* Exercise:
Every entry must appear in the output exactly as it does here.

* Information supplied:
[Start of Attachment]
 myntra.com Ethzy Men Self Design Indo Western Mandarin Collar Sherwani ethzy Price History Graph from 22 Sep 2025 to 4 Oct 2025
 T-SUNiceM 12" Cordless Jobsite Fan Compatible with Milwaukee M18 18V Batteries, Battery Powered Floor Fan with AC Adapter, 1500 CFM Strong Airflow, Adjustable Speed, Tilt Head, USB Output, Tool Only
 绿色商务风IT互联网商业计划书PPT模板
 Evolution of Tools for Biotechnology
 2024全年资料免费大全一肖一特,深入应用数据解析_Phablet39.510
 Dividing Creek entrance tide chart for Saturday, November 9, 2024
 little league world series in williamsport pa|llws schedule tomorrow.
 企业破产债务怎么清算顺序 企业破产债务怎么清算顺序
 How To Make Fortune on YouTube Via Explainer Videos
[End of Attachment]
* Solved problem:
 myntra.com Ethzy Men Self Design Indo Western Mandarin Collar Sherwani ethzy Price History Graph from 22 Sep 2025 to 4 Oct 2025
 T-SUNiceM 12" Cordless Jobsite Fan Compatible with Milwaukee M18 18V Batteries, Battery Powered Floor Fan with AC Adapter, 1500 CFM Strong Airflow, Adjustable Speed, Tilt Head, USB Output, Tool Only
 绿色商务风IT互联网商业计划书PPT模板
 Evolution of Tools for Biotechnology
 2024全年资料免费大全一肖一特,深入应用数据解析_Phablet39.510
 Dividing Creek entrance tide chart for Saturday, November 9, 2024
 little league world series in williamsport pa|llws schedule tomorrow.
 企业破产债务怎么清算顺序 企业破产债务怎么清算顺序
 How To Make Fortune on YouTube Via Explainer Videos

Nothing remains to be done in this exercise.